The record supports Family Court’s determination that the mother willfully violated one prior order, not two. A willful *1323violation of a Family Court order must be established by clear and convincing evidence (see Matter of Blaize F., 48 AD3d 1007, 1008 [2008]). The mother’s own testimony established that she prevented the father from exercising his visitation on more than one occasion, moved and scheduled an eye appointment for the children both without notifying him. These actions constituted violations of the September 2005 custody order. Whether these violations were willful distills to a credibility determination; we decline to disturb the court’s findings in that regard (see id. at 1009). While the record indicates that the mother may have violated the June 2006 order of protection, there was no evidence that she did so on the dates listed in the father’s violation petition.

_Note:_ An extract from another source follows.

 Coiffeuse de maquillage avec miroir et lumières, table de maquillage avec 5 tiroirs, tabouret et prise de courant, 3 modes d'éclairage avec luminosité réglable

Accordingly, we uphold the court’s determination that the mother willfully violated the September 2005 order but reverse the finding concerning the June 2006 order. Because the court suspended the sanction of 15 days of incarceration, we need not remit.
Finally, we reject, as completely baseless, the mother’s allegations that Family Court exhibited gender bias against her (see Anonymous v Anonymous, 287 AD2d 306 [2001], lv denied 97 NY2d 611 [2002]).
Peters, J.P., Spain, Lahtinen and Kavanagh, JJ., concur. Ordered that the order entered March 30, 2007 with respect to custody and visitation is affirmed, without costs.
Ordered that the order entered March 30, 2007 finding petitioner in willful violation of prior orders of the Family Court of St. Lawrence County is modified, on the facts, without costs, by reversing so much thereof as found petitioner in willful violation of the June 2006 order of protection, and, as so modified, affirmed.